[MATERIAL FOR THIS TASK — start]

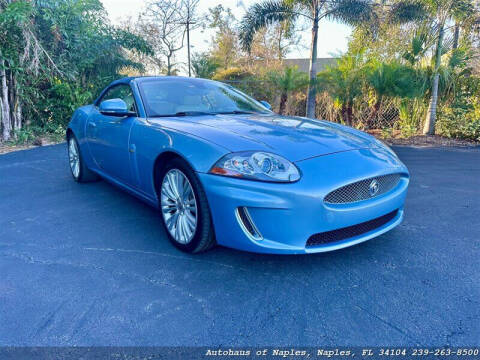 2010 Jaguar XK for sale at Autohaus of Naples in Naples FL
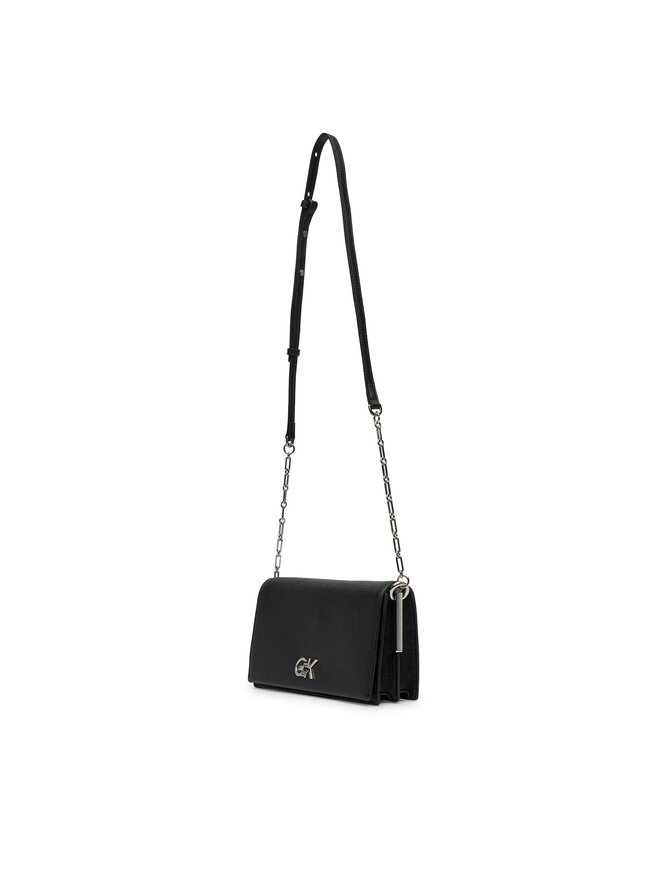 Calvin Klein Τσάντα Calvin Klein Ck Mini Chain Bag_Tex K60K613180 Μαύρο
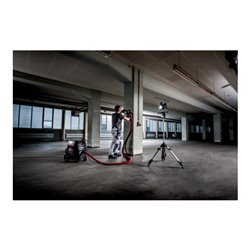 Metabo Renovierungsschleifer RSEV 19-125 RT mit Diamantschleiftopf Abrasiv 'professional'  Kunststoffkoffer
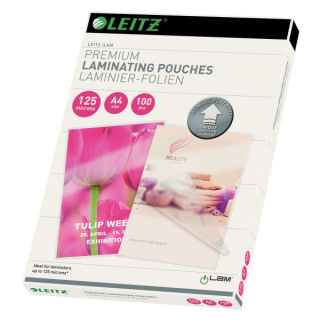 7481 Laminierfolie UDT - A4, glänzend, 125 mym, 100 Stück, 1 St.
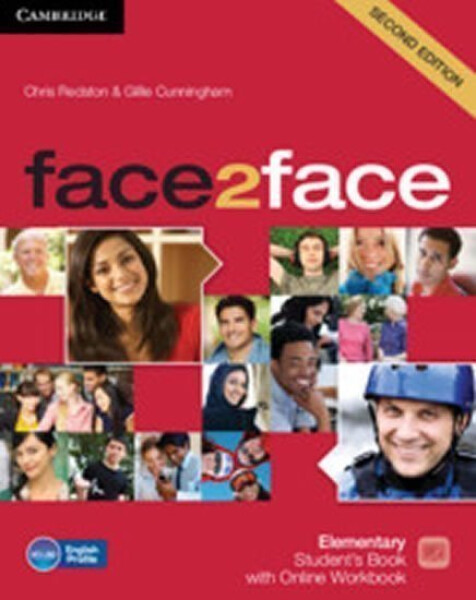 Face2face Elementary Student´s Book with Online Workbook,2nd - Chris Redston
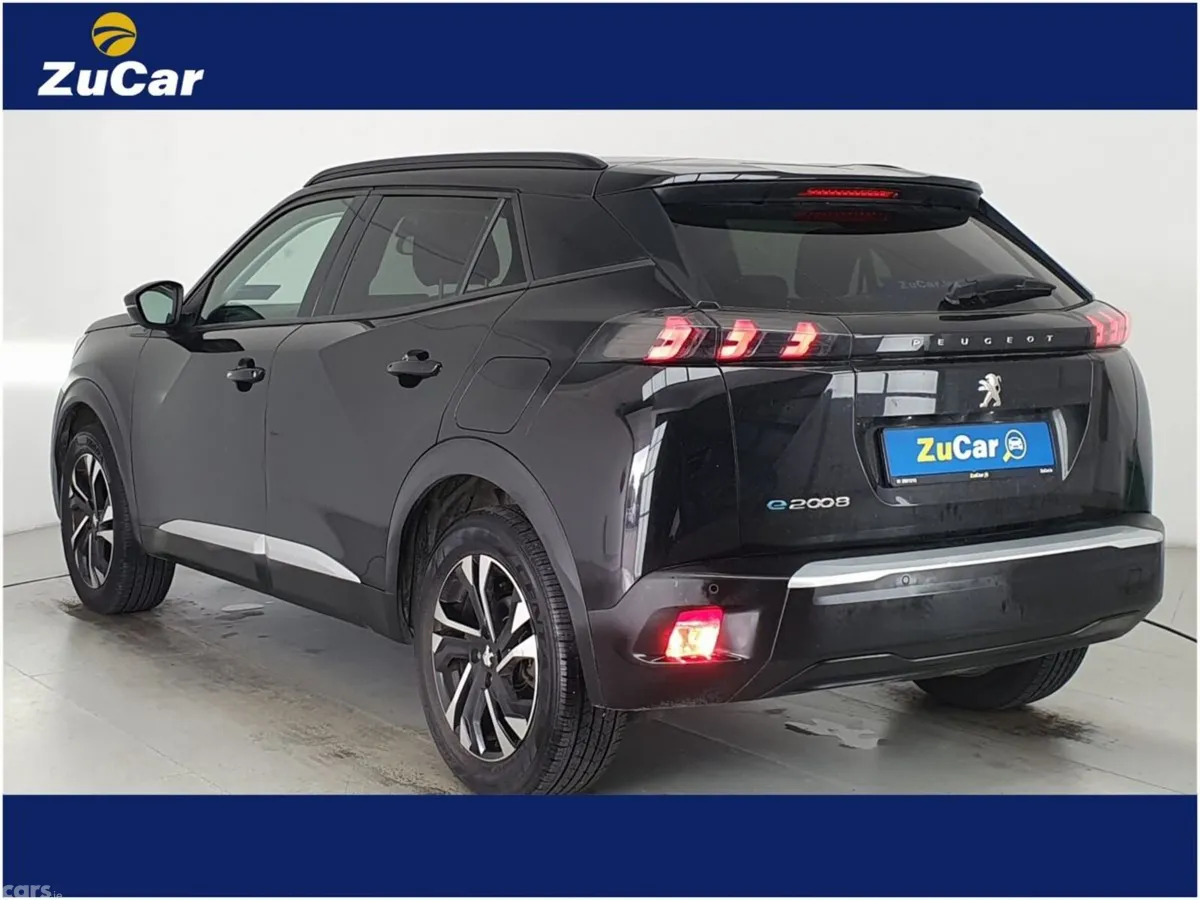 Peugeot 2008 Hatchback, Electric, 2022, Black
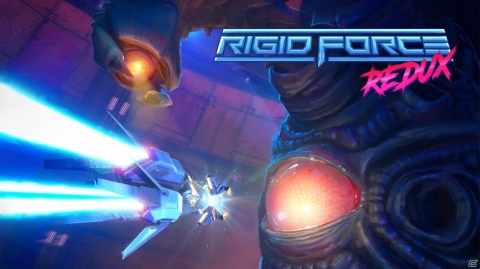 Switch「リジットフォース・リダックス」が7月16日に発売！90年代の興奮が味わえる横スクロールSTGの画像1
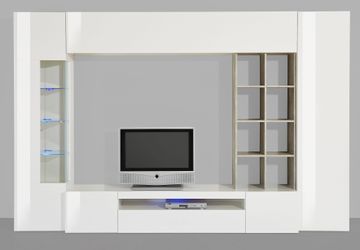 INOSIGN Wohnwand "New Egypt, Anbauwand, Medienwand, Wohnzimmerwand" Set, 2 günstig online kaufen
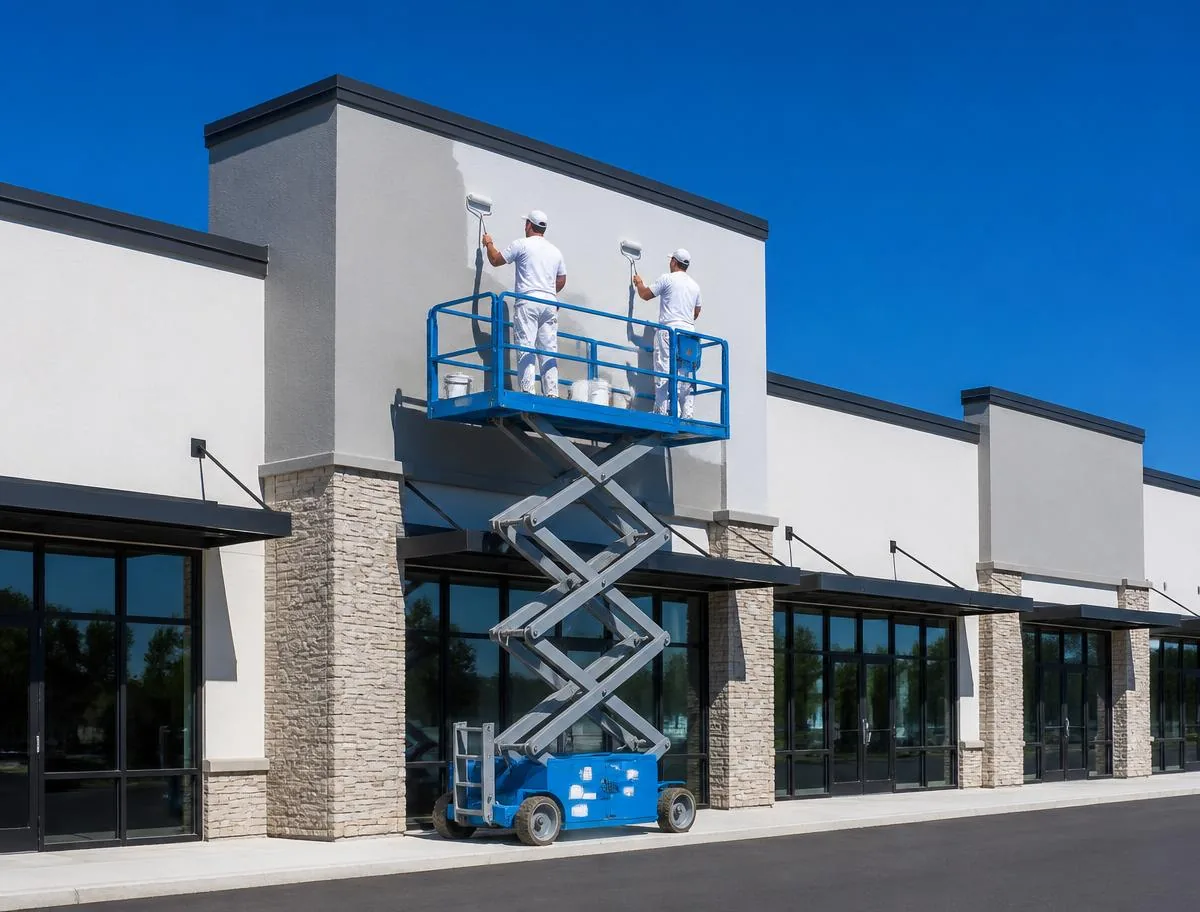 Commercial Painting in Baytown, TX by Horizon Restoration LLC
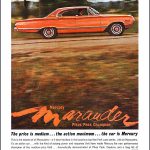 1964 Mercury Marauder Ad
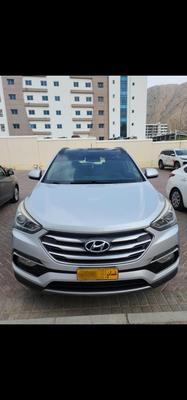 Hyundai Santa Fe 2017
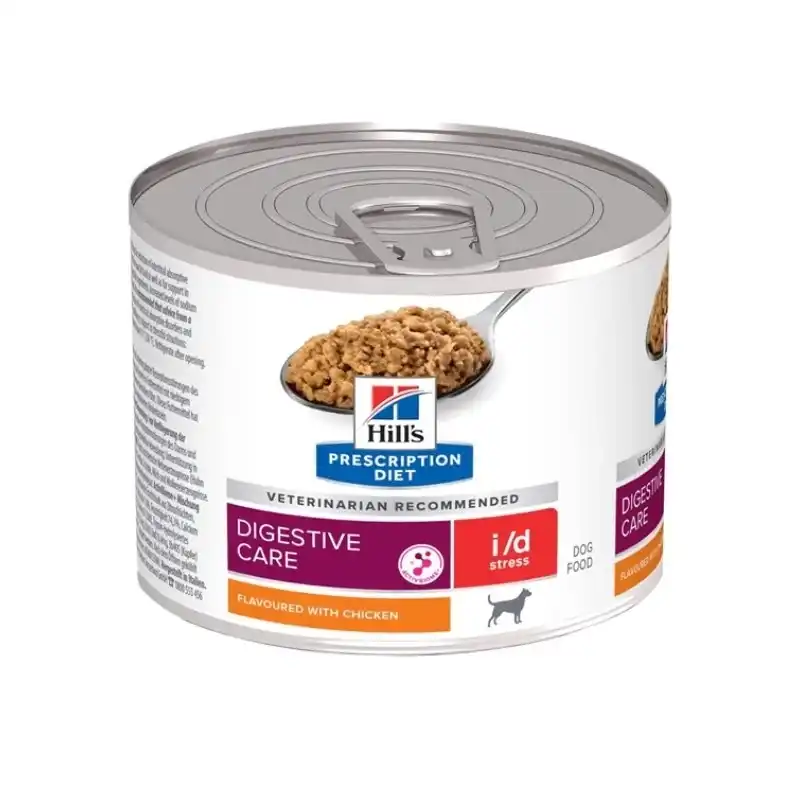 12x200gr Pack de Latas Hills Prescription Diet  I/D Stress para perros - Hill's Prescription Diet - Comparador de precios
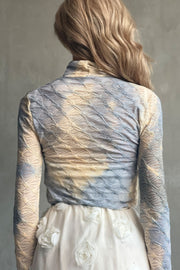 Aurora Lace Tie-dye Top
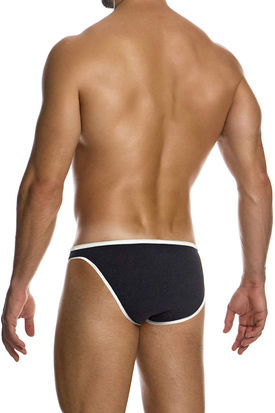 Modus Vivendi XTRA LUX Black Silk Low Cut Brief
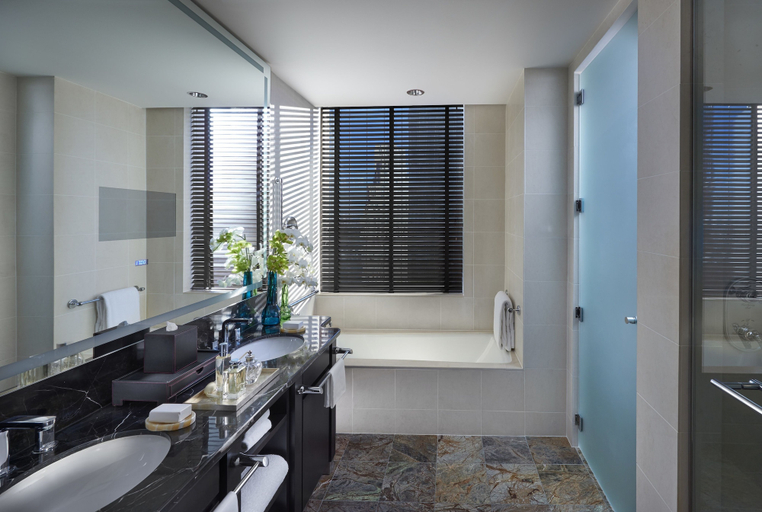 Bathroom 5, Mandarin Oriental New York, New York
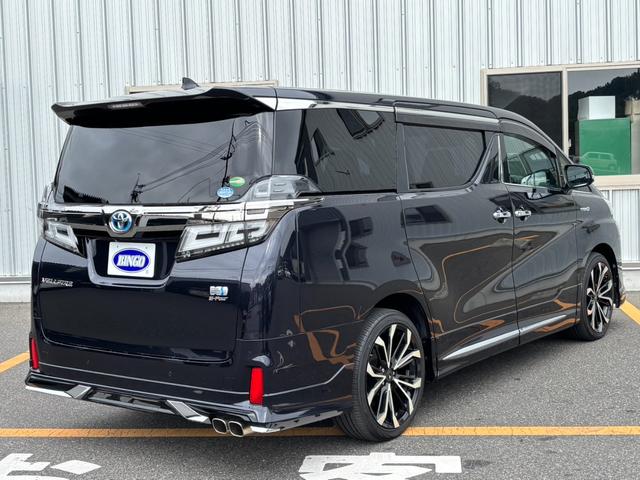 ヴェルファイアハイブリッド ZR モデリスタ 後席モニター ETC ナビ TV デジタルインナーミラー アラウンドビューモニター ドラレコ(4枚目)
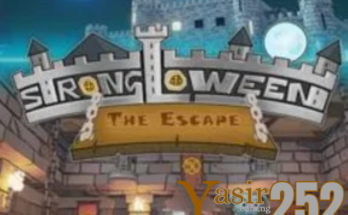 STRONGLOWEEN THE ESCAPE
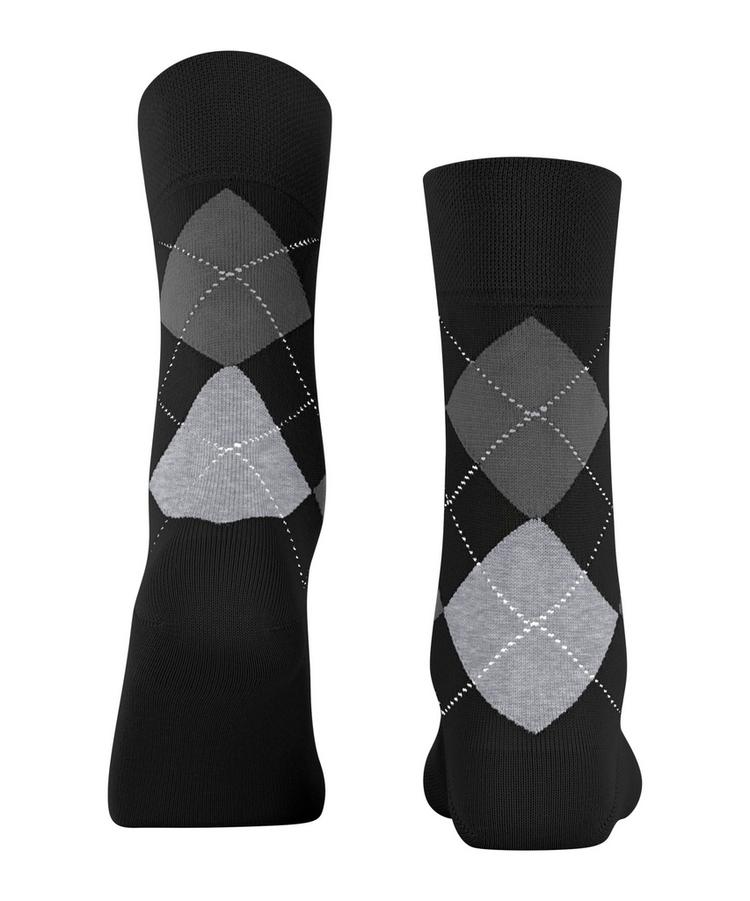 Falke Falke Sensitive Argyle SO Socken Damen - black (3000) - 0 | SportScheck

[MATERIAL FOR THIS TASK — finish]

* **WHAT IS REQUIRED**: Word-for-word restatement: every line from the one with "1964 Mercury Marauder Ad" through the final line of the data, both ends included, pictures excluded.

* **RESULT**:
 1964 Mercury Marauder Ad
 Hyundai Santa Fe 2017
 12x200gr Pack de Latas Hills Prescription Diet  I/D Stress para perros - Hill's Prescription Diet - Comparador de precios
 Aurora Lace Tie-dye Top
 Modus Vivendi XTRA LUX Black Silk Low Cut Brief
 Bathroom 5, Mandarin Oriental New York, New York
 ヴェルファイアハイブリッド ZR モデリスタ 後席モニター ETC ナビ TV デジタルインナーミラー アラウンドビューモニター ドラレコ(4枚目)
 STRONGLOWEEN THE ESCAPE
 Falke Falke Sensitive Argyle SO Socken Damen - black (3000) - 0 | SportScheck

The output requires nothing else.